On Sun, Jan 15, 2006 at 12:03:12PM +0000, Phantom wrote:
> A question, why is therre no john.conf file in your win and dos builds?

There's john.ini instead.  john.conf is a more natural name for Unix
systems, but it wouldn't work on 8.3 filesystems (old-fashioned FAT)
and with DOS versions of PKUNZIP.

> Did a test run on 5303 DES hashes and compared 1.7 Win-mmx with 1.7 DOS-mmx,

I'd be interested in your comparing the results against those of 1.6.
Of course, 1.7 will be a lot faster, but the test would be to make sure
that 1.7 cracks all the same passwords that 1.6 did.

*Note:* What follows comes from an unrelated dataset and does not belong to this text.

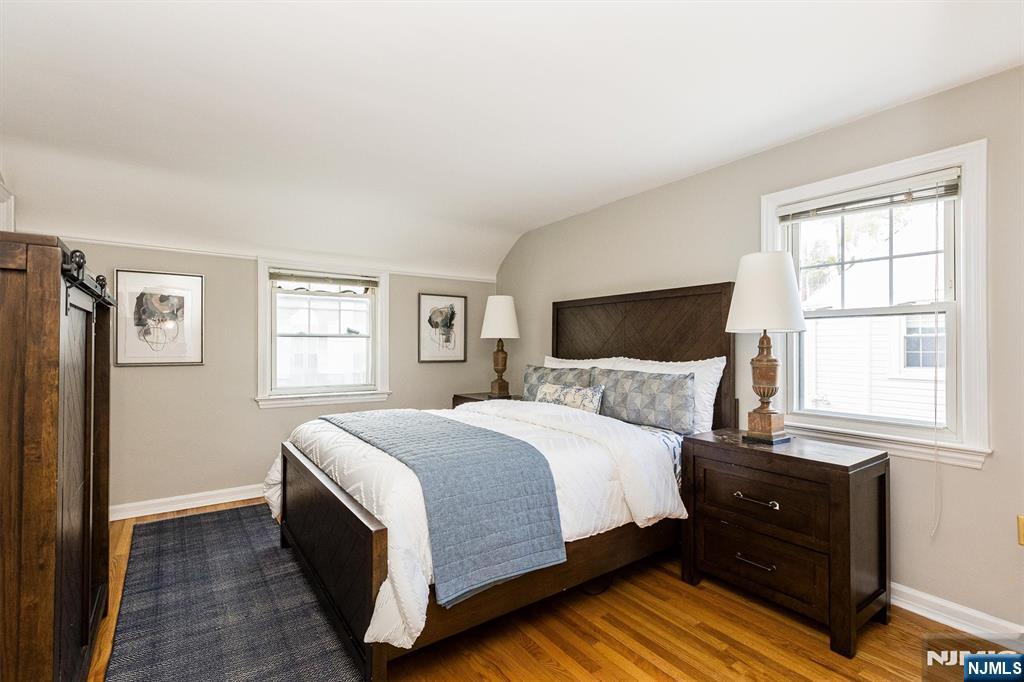 199 Stonehouse Road Bloomfield, NJ 07028 - Photo 24 of 36 a bedroom with a bed and wooden floor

> The DOS-mmx was considerably slower (tested in commandprompt windows in
> XP..dunno if that affected the speed of the DOS one?)

Yes, the DOS build should run a little bit faster on plain DOS.  But the
difference should be much smaller than what you have observed in the
second test:

> DOS> guesses: 205  time: 0:00:00:04 100%  c/s: 8686K (default single rules)
> WIN> guesses: 205  time: 0:00:00:03 100%  c/s: 12891K (default single rules)

This is OK, no real difference.

> then ran my own -single rules afterwards:
> DOS> guesses: 393  time: 0:00:09:29 100%  c/s: 6479K (my single rules)
> WIN> guesses: 393  time: 0:00:05:58 100%  c/s: 10282K (my single rules)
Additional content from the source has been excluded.